I actually would have appreciated that last sentence. I get a sorry when I'm punched in the dick, I should expect one when getting rolled for my dough in a back alley. Digression. The response I got from my letter of disgust was this:

"Let's go ahead and reduce your rates for 6 months to half of what you are paying now and see where we are at. Does that sound ok?"

My first reaction? She ended a sentence with a preposition, but not important at this point (but it still bugs me, and I know I do it). I got mad because she wanted to reduce my rates based entirely on me complaining. That's akin to telling your employer that you are quitting and your employer says:

"Well, let's see what we can do to keep you."

And then comes back and offers you a raise. F the employer. Own a business, I get it, pay what you can to keep good employees. But if you've decided to leave and then more pay keeps you at the same job you decided to leave---? You should threaten to leave more often.

I took the lowered rates for those 6 months, I'm a poor writer, not necessarily stupid.
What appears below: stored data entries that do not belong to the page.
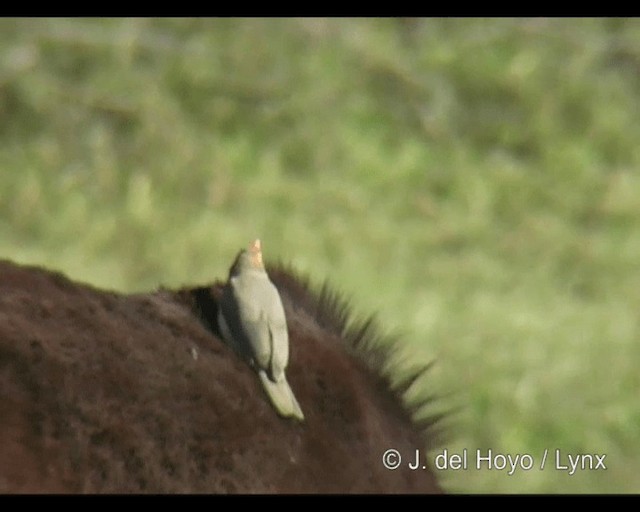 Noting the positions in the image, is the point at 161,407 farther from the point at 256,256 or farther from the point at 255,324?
the point at 256,256

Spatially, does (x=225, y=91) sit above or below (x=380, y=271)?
above

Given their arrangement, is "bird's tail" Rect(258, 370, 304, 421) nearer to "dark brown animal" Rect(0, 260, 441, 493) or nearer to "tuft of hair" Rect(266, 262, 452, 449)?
"dark brown animal" Rect(0, 260, 441, 493)

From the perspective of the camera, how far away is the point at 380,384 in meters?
1.01

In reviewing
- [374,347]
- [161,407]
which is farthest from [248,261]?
[161,407]

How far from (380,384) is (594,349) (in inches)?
14.7

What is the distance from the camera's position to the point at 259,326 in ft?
3.16

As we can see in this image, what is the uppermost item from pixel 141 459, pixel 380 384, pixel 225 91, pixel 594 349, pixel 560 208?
pixel 225 91

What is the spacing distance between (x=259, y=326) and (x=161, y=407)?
0.16 metres

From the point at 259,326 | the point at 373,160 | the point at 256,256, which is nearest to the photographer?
the point at 259,326

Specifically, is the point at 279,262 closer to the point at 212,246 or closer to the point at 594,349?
the point at 212,246

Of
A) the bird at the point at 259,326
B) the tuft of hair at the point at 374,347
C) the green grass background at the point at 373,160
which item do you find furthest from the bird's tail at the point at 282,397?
the green grass background at the point at 373,160

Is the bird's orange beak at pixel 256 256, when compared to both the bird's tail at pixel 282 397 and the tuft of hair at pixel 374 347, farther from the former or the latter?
the bird's tail at pixel 282 397

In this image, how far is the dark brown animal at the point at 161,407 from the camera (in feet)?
2.54

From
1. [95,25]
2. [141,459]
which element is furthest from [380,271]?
[141,459] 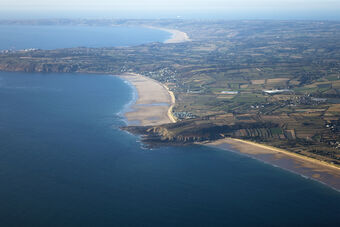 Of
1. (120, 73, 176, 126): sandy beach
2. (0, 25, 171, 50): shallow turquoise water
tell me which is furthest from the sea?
(0, 25, 171, 50): shallow turquoise water

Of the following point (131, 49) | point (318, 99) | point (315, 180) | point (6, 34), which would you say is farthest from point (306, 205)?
point (6, 34)

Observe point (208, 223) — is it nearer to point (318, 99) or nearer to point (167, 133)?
point (167, 133)

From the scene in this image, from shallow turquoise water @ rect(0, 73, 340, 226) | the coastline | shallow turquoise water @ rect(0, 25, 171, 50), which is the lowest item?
shallow turquoise water @ rect(0, 73, 340, 226)

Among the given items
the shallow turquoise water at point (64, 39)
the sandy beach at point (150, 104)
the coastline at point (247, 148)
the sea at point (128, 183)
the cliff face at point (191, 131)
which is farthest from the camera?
the shallow turquoise water at point (64, 39)

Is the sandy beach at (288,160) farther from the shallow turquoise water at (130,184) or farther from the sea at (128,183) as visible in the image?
the shallow turquoise water at (130,184)

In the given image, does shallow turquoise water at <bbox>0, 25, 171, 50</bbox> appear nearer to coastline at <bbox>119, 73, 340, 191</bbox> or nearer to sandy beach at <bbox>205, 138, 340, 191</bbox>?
coastline at <bbox>119, 73, 340, 191</bbox>

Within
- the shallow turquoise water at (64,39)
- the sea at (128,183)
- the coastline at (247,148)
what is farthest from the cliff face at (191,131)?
the shallow turquoise water at (64,39) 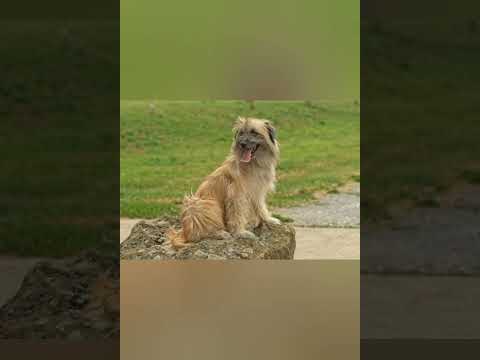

My rates went up because I didn't have the balls to quit back then, just like I don't have the balls to quit now. Evidenced by blogging instead of collecting all my dog crap from the yard, the bunny droppings, and my own personal contribution and depositing on their windows in the form of "F the Y".

Maybe it's the time of year, the holidays. Maybe it's my frame of mind where during the holidays, I want to spend my money on my family. But I think it's deeper than that. My mom and dad raised me well. They taught me that good credit was important, that honesty was valuable (but not marketable if you're a writer), and to save some money for a rainy day. But what I've realized, is that my credit rating really doesn't help me get better rates at the bank, my outstanding payment history on anything hasn't done me as much good as the guy who chooses not to make his mortgage payments and is still bailed out and even better off. I've even learned that liars get better breaks in life, and that saving money for a rainy day actually means:

"You're gonna need some extra money when all your hard work and effort to protect yourself is going to be demanded by someone else, taken by someone else, or needed by someone else".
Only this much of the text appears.